▶ _Exercise instructions_: Produce as output only the lines below starting at the line with "Aerial view of logistics concept Dockyard" and continuing through the line with "Vintage Burberry Wool", each one exactly as written.

▶ _Data to use_:

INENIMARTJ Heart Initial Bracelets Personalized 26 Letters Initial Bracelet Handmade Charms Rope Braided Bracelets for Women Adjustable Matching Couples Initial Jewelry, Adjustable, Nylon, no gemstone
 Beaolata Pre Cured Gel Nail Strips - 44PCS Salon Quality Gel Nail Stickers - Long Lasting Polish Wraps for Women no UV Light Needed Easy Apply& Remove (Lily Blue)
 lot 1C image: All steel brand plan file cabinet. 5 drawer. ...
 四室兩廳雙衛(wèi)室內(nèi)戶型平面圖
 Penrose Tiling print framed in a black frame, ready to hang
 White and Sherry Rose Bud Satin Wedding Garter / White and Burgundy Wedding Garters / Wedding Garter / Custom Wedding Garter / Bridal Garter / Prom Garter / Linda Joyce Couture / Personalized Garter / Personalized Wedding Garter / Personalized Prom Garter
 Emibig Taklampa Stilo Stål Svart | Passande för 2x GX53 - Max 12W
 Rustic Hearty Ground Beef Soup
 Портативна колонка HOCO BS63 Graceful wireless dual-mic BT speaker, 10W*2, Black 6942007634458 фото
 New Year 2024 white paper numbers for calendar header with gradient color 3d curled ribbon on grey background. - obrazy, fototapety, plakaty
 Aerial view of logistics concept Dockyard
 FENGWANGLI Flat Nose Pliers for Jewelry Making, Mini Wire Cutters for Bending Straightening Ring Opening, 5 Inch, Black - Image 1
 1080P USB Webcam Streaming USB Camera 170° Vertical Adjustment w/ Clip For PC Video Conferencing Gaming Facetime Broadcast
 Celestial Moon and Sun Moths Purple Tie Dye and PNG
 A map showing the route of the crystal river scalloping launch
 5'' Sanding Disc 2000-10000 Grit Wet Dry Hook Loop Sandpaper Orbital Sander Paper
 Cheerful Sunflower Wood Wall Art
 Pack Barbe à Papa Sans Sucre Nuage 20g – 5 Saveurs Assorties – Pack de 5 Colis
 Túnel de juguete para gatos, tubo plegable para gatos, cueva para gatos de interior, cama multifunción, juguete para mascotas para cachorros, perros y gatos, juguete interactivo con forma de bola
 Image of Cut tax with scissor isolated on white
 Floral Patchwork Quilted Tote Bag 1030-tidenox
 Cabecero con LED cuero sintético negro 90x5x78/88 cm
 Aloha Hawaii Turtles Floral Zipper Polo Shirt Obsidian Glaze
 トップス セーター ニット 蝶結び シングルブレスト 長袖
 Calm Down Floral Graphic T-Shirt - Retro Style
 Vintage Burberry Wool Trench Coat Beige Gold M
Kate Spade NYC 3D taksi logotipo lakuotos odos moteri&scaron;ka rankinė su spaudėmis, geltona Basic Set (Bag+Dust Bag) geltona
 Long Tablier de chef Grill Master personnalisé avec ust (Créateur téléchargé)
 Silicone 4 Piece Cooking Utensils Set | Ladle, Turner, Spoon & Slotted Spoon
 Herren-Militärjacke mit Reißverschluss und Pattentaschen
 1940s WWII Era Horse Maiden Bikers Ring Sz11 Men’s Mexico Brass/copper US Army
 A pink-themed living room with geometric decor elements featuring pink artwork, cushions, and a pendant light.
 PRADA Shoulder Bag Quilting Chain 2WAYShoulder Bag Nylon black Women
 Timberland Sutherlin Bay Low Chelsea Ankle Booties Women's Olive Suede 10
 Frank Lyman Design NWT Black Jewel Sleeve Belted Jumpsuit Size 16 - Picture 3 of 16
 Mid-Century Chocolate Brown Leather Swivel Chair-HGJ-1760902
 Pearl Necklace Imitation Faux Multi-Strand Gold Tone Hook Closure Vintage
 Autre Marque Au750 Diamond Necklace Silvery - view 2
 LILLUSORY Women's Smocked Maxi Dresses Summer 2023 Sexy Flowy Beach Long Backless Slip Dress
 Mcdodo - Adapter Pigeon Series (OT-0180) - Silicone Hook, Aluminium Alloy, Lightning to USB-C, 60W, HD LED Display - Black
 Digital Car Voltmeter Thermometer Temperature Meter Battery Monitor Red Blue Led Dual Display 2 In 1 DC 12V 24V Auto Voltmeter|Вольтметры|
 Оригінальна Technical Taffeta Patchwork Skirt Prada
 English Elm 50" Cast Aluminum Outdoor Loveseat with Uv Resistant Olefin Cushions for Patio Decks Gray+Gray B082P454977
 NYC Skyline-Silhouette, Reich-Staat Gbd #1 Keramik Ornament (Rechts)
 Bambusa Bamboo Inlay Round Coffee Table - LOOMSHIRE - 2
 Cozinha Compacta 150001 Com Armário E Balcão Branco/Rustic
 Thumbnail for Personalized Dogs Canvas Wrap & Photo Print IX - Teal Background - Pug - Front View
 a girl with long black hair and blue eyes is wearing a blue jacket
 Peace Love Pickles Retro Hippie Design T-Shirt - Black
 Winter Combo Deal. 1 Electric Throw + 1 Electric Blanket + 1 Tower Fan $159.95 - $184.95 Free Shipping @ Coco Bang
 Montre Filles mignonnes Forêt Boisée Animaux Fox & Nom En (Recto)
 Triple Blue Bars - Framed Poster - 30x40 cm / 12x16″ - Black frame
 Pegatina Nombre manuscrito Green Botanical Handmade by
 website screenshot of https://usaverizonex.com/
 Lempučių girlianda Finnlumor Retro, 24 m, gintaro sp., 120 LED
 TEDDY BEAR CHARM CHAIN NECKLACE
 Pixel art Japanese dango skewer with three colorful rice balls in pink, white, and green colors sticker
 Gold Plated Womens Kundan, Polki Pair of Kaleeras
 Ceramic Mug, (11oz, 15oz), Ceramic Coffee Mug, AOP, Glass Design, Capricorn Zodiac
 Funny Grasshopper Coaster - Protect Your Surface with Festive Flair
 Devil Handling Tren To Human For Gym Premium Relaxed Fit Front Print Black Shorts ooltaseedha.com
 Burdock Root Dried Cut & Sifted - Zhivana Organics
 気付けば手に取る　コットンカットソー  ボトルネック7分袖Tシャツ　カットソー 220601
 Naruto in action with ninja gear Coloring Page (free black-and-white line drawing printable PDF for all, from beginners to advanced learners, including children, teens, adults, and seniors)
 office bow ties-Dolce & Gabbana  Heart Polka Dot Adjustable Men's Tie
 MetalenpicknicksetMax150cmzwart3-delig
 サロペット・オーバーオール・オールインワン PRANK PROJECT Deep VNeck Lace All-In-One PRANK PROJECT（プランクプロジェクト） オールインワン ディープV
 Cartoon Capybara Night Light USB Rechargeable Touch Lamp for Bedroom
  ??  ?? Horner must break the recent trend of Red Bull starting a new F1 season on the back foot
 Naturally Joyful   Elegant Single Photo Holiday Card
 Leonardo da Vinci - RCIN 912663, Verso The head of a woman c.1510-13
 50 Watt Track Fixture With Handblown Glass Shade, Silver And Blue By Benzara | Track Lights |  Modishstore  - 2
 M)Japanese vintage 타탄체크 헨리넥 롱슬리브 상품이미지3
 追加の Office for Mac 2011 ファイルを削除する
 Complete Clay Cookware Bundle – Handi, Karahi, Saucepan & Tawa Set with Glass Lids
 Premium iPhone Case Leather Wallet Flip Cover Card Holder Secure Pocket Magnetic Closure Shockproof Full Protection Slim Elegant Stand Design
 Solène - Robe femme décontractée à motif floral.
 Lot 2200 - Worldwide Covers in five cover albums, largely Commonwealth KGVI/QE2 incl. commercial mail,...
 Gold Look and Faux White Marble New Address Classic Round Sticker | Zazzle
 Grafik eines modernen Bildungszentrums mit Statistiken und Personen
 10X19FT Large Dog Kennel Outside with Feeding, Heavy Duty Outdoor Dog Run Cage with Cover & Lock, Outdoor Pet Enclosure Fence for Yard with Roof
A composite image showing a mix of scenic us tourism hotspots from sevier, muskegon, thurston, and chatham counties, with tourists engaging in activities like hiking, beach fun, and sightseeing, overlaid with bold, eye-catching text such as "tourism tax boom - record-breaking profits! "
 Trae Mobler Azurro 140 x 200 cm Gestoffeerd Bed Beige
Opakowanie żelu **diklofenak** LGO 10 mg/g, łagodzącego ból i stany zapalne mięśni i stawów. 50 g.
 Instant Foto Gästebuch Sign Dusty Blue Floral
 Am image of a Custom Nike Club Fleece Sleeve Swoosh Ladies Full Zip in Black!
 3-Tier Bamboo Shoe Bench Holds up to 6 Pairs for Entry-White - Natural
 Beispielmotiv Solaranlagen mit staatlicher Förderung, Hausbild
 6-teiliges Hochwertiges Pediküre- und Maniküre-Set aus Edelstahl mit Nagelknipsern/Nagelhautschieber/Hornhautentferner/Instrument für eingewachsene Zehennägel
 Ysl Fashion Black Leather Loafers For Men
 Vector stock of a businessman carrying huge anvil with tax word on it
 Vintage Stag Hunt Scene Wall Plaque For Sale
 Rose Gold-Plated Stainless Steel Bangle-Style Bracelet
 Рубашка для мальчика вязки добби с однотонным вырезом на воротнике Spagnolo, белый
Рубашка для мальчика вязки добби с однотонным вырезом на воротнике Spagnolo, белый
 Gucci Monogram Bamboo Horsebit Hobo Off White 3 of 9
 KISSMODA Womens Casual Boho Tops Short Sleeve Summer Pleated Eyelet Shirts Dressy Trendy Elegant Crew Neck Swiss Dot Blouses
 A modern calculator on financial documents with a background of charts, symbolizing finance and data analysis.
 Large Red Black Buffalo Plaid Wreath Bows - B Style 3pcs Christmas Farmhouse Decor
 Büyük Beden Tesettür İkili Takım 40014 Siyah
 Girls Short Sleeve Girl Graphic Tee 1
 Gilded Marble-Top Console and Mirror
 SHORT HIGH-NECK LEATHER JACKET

▶ _Exercise output_:
 Aerial view of logistics concept Dockyard
 FENGWANGLI Flat Nose Pliers for Jewelry Making, Mini Wire Cutters for Bending Straightening Ring Opening, 5 Inch, Black - Image 1
 1080P USB Webcam Streaming USB Camera 170° Vertical Adjustment w/ Clip For PC Video Conferencing Gaming Facetime Broadcast
 Celestial Moon and Sun Moths Purple Tie Dye and PNG
 A map showing the route of the crystal river scalloping launch
 5'' Sanding Disc 2000-10000 Grit Wet Dry Hook Loop Sandpaper Orbital Sander Paper
 Cheerful Sunflower Wood Wall Art
 Pack Barbe à Papa Sans Sucre Nuage 20g – 5 Saveurs Assorties – Pack de 5 Colis
 Túnel de juguete para gatos, tubo plegable para gatos, cueva para gatos de interior, cama multifunción, juguete para mascotas para cachorros, perros y gatos, juguete interactivo con forma de bola
 Image of Cut tax with scissor isolated on white
 Floral Patchwork Quilted Tote Bag 1030-tidenox
 Cabecero con LED cuero sintético negro 90x5x78/88 cm
 Aloha Hawaii Turtles Floral Zipper Polo Shirt Obsidian Glaze
 トップス セーター ニット 蝶結び シングルブレスト 長袖
 Calm Down Floral Graphic T-Shirt - Retro Style
 Vintage Burberry Wool Trench Coat Beige Gold M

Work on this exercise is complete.